Am I right in thinking I need 600 watts of solar on the roof to maintain my batteries? (600watts x 7 hrs with a 30% leeway = 2940 watts)
Would it be better to buy two 300 watt 32 v solar panels? Ive been looking on ebay atthese
Or would it be better to buy 3 of these 200 watt 12v also on ebay?
What MPPT controller would be best? Ive been looking at this thinking I need the extra amperage since my panels will be producing up to 50Amp. I also like that it logs performance day by day over a year.
Has anyone got any general suggestions or advice that I might have missed?
That's a very detailed analysis of your needs. Great you understand what you have and want too ! I will give a quick reply and come back when I have some time to consider your questions and possibly others may also give their input.
However to avoid confusion could i suggest you look at your power units and perhaps edit them so others are not confused and give incorrect answers. Tricky this solar electricity and the units The power of the panels and the items using it is in WATTS and that is a flow of power{like the tap water running out}. When you use them for a certain time, in hours, it then becomes WATT HOURS. That then becomes a quantity of power {like a bucket of water}. The batteries hold a quantity of power in AMP HOURS too at their voltage eg 12V.
Your calculations look good but the units need to be sorted to get it straight in the mind
Good luck Jaahn
PS a quick answer is that more panels always solves power problems, the more the better
-- Edited by Jaahn on Tuesday 13th of February 2018 12:23:01 PM
Hi everyone. Im having a few issues with my solar system and am hoping to get some advice. I have a 22 Roadstar offroad with a Waeco fridge (70w per hour), a television (24w per hour), led lights, and water pump.
I have two 123w solar panels in parallel with an mppt controller (now broken and needing to be replaced). My daily consumption is (70wx24hr fridge)+(24wx4hr TV)+100w (lights approx) and 100w (waterpump approx) x 1.2 (20% margin of error)=2371watts per day. By my calculations my solar panels produce, at peak effectiveness, 1722 watts (123w x 2 x 7hrs (peak solar hours in Adelaide summer) however there can be up to a 30% loss due to hot solar panels so that places my solar output at 1205.4 watts (1722-516.6). My questions are: Your Estimates; Power use 2371 Whrs. power production 1205 Whrs
Am I right in thinking that solar panels in parallel are more effective than in series for small systems? YES on a VAN I understand that series is more likely to work with an MPPT controller when the panels are not working at peak effectiveness due to heat/light NOT correct.but the whole series will fail if one section of panel is in shade YES CORRECT while panels in parallel will produce higher direct amperage though will require a heavier cable to the controller. Yes but the cables are easy and cheap to do.

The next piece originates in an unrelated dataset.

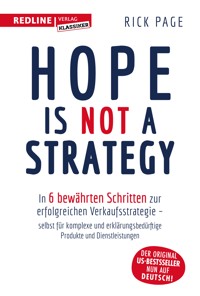 Hope is not a Strategy - Rick Page - E-Book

Am I right in thinking I need 600 watts of solar on the roof to maintain my batteries? (600watts x 7 hrs with a 30% leeway = 2940 watts) YES at least.
Would it be better to buy two 300 watt 32 v solar panels? Ive been looking on ebay attheseI do not favour flexible panels. Too expensive for the advantage IMHO See comments about the panel voltage also these are 42V
Or would it be better to buy 3 of these 200 watt 12v also on ebay? Possibly ok, standard panels are the best value. But more smaller ones are a better idea.
What MPPT controller would be best? Ive been looking at this thinking I need the extra amperage since my panels will be producing up to 50Amp. I also like that it logs performance day by day over a year. It is not the right controller for you It is for a 48 V battery system. Look for a 12V system with a high allowed voltage panel input. EG 50V 0r 75 V or more! Then at the amp rating.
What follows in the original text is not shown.